There are lots of things at CES that a casual or even not-so-casual attendee might never find the purpose of. I walked through one display with an IndyCar and another large display floor for "Innovative Optical and Wireless Networks." I spent probably 20 minutes in another extremely large display area complete with carnival-esque barkers, games with prizes, and popcorn without ever really figuring out what was going on with any of them.
I also encountered what appeared to be a full-on high-fashion runway modeling show being put on by Canon—you know, the folks who make cameras and inkjet printers. I could not for the life of me discern an actual product being demonstrated at the runway display or see anything about the weird clothes the models were wearing that screamed out "things that Canon makes." I'm sure there was some reason for the runway—but nobody told me what it was.
Great piles of money have apparently been thrown at glitzing up various CES displays, but very little money was thrown at focus groups to help companies figure out if anybody would be able to tell what they're actually pitching.
Although there were television-display floors everywhere you looked at CES, Sony's stood out. The company has an awful lot of current or upcoming 8K HDR HDTV models, and between the TVs themselves and Sony's choice of demonstration video, they looked good. I've got a nice 65" 4K HDR television in my den, so I didn't really expect to be blown away by any televisions at CES for any reason other than size—but I have to admit, Sony's impressed me. It's normally hard to get a good idea of a television or monitor's display from a photo, but these things look great even in the quick snaps I took with my Pixel 2XL.
After I finished up at the Las Vegas Convention Center on my last day, I headed back to the Venetian, dog-tired, and discovered an entirely separate exhibition hall by accident.

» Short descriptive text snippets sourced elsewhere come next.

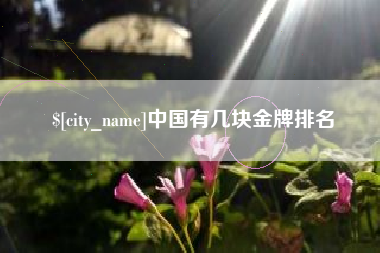 海东中国有几块金牌排名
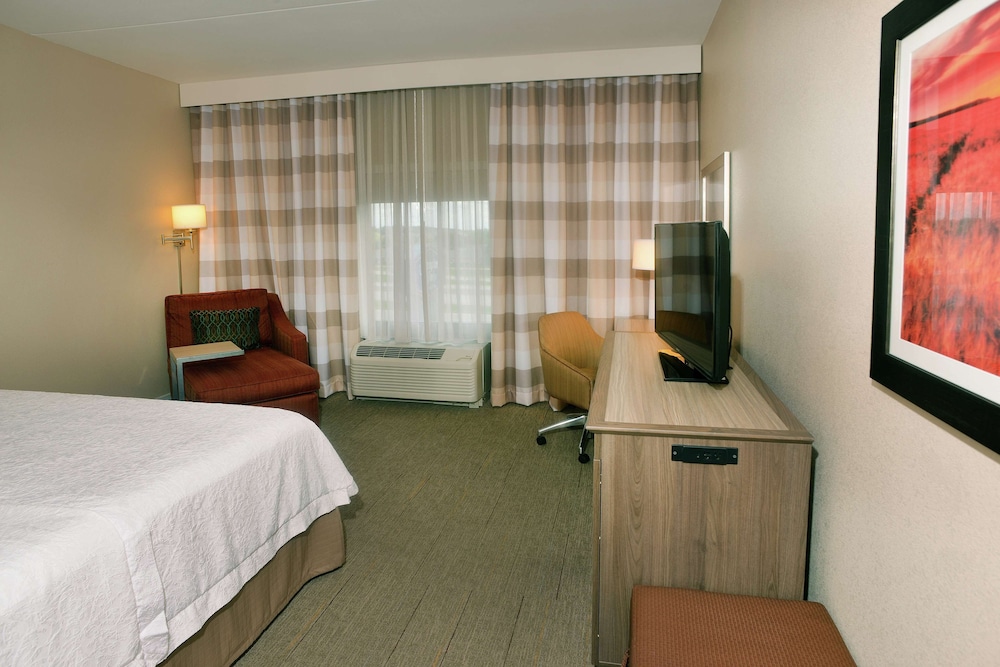 Hampton Inn Springfield Southeast - photo 13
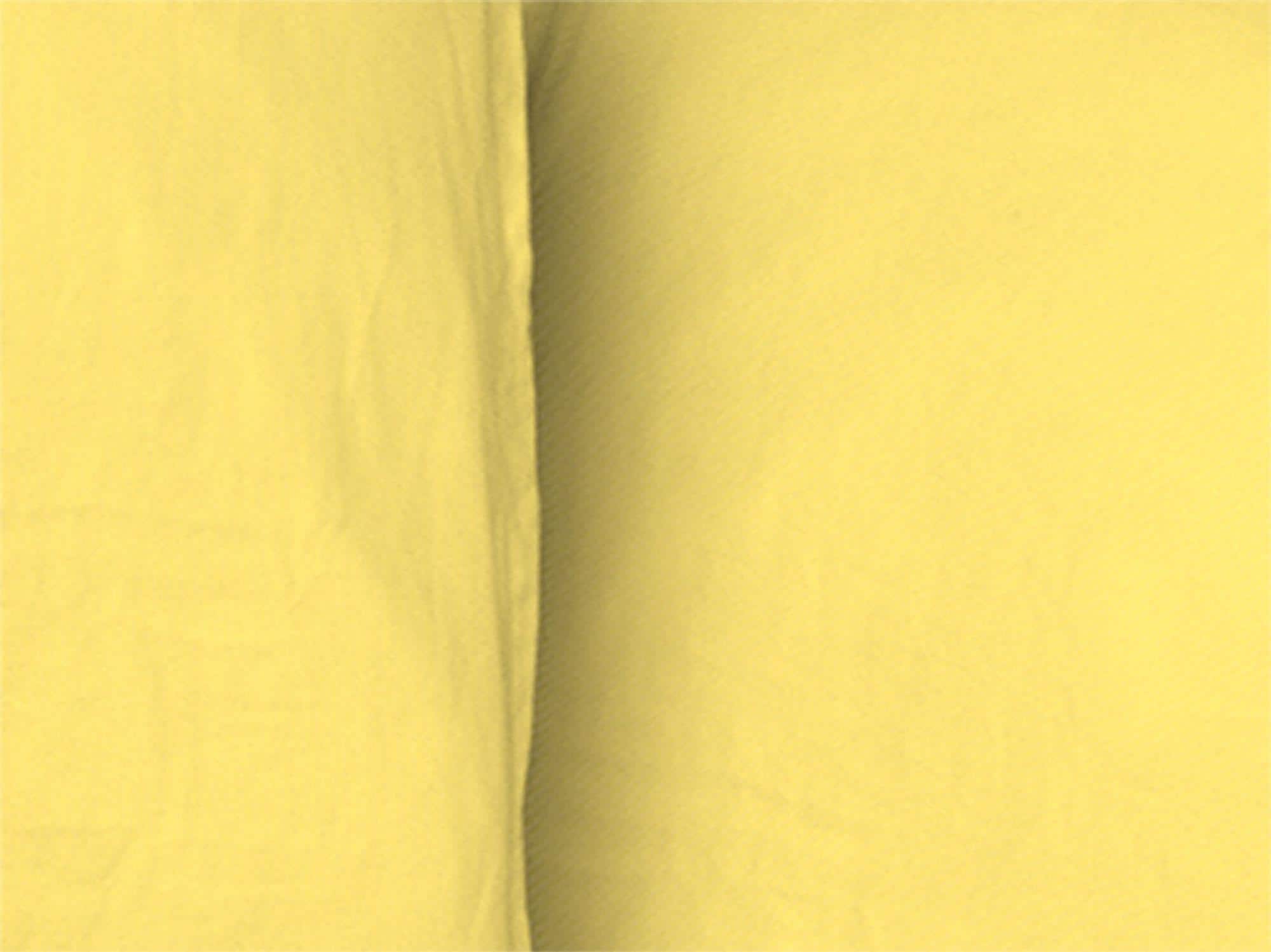 Adam Bettwäsche »Uni Collection light« 2 Stk. tlg. aus 100 % Bio-Baumwolle, 2 teilig - Bettwäsche Set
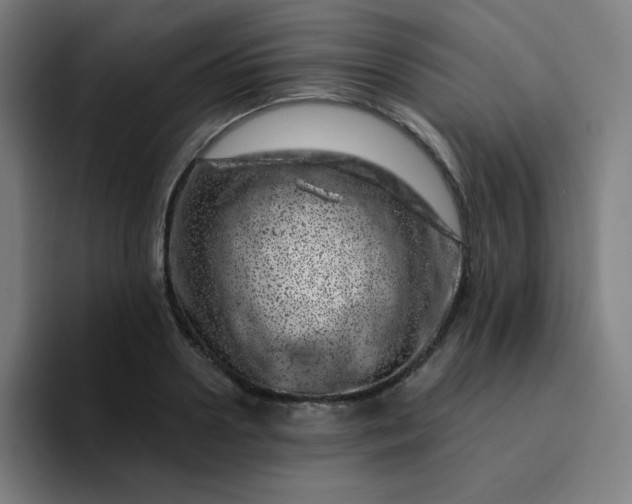 X0000094380938200711162128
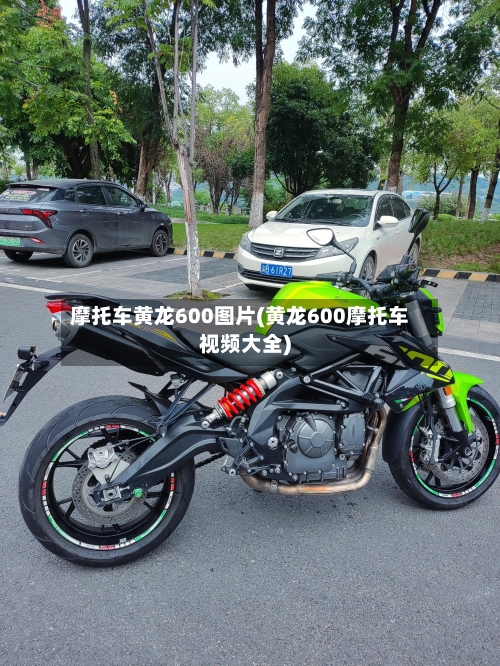 摩托车黄龙600图片(黄龙600摩托车视频大全)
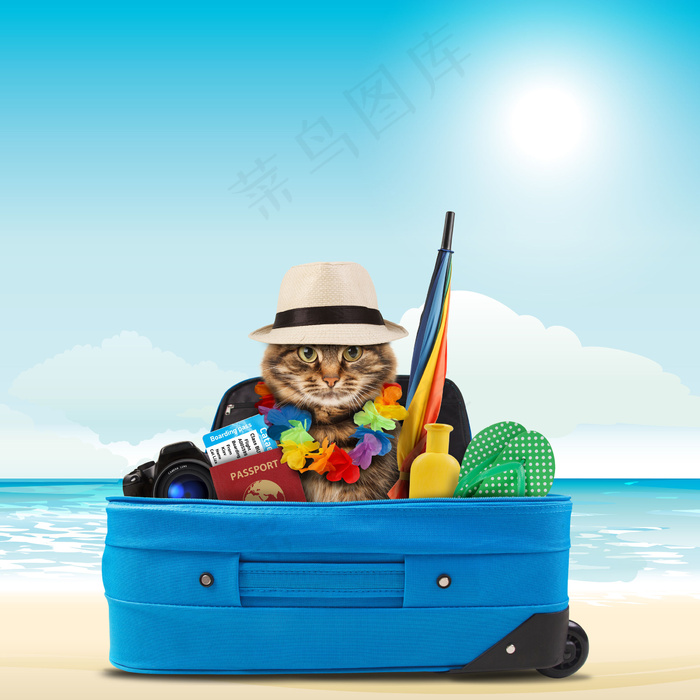 出国旅游的小猫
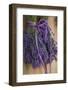 Bunches of Lavender Drying Shed at Lavender Festival, Sequim, Washington, USA-Merrill Images-Framed Photographic Print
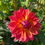 Thumbnail: Dahlia 'Firepot'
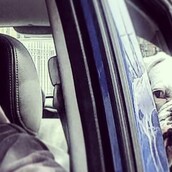 10 νέες φωτογραφίες απ' τα τέλεια ζώα των αναγνωστών μας #268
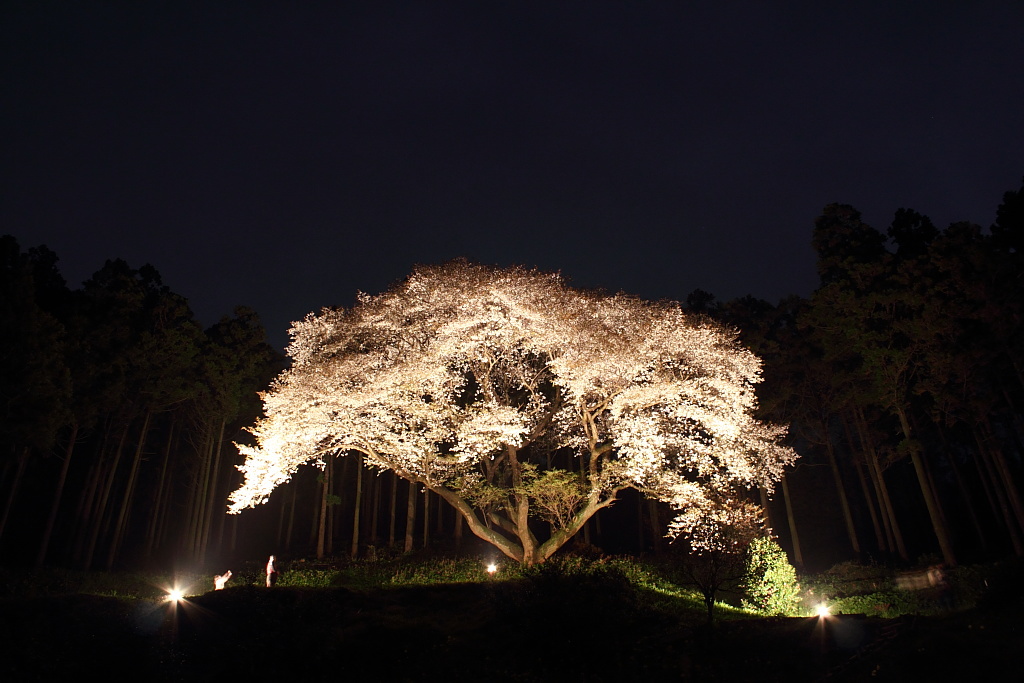 松国大山桜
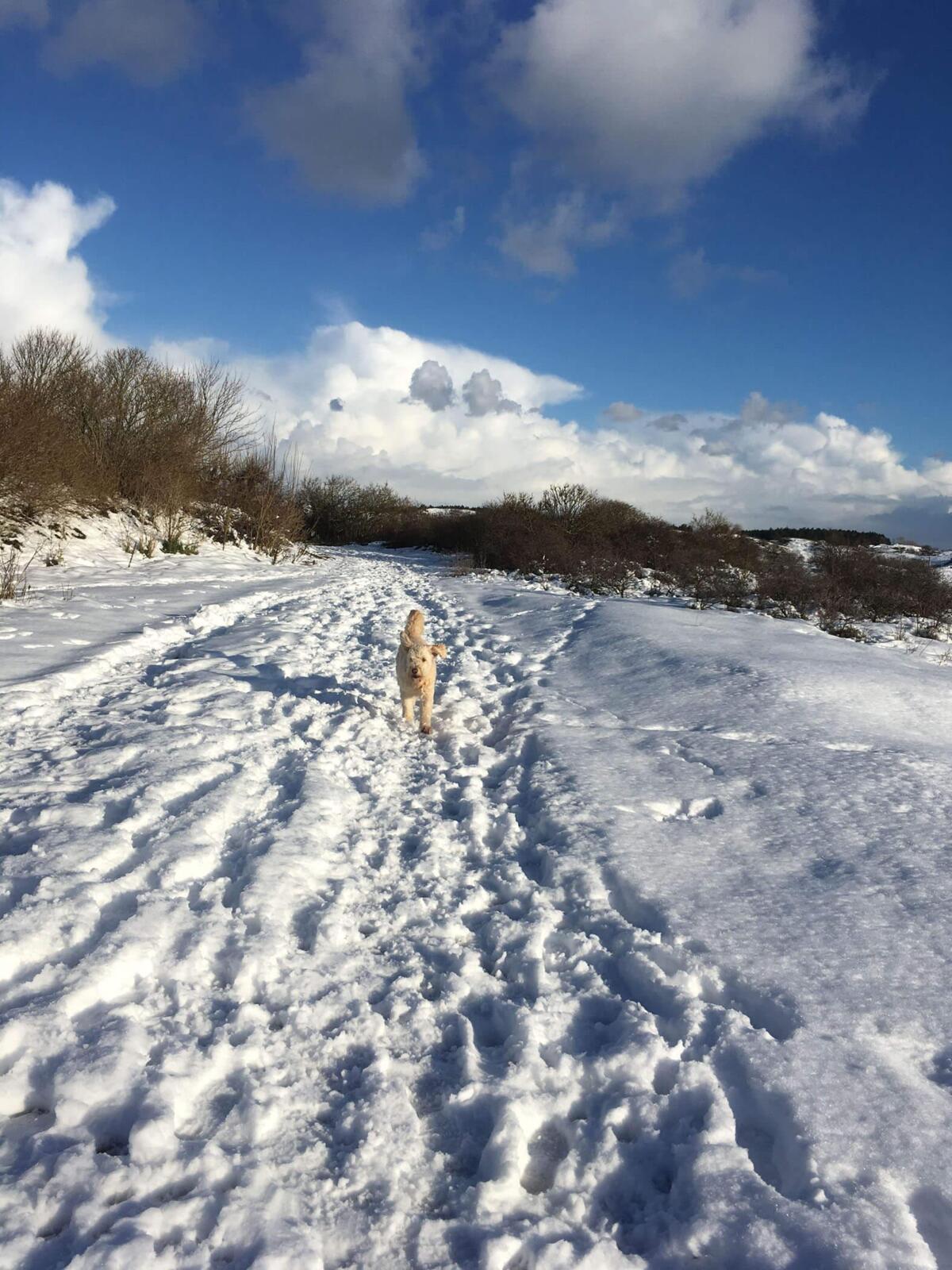 sneeuwpret_kopie.jpg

I didn't have much chance to experience this side of CES—which seemed smaller, less heavily-funded, and more likely to trend towards fun "gonzo" things you never expected. The only reason I even knew this space, with tens of thousands of attendees, even existed was because security suddenly decided not to allow even screened bags up one particular escalator. So I had to make a detour to return to my room.
Next year, I should know better how to find the smaller, weirder spaces with unexpected gadgetry. And, yes—assuming Ars still wants to cover CES in 2021—I'll go back willingly.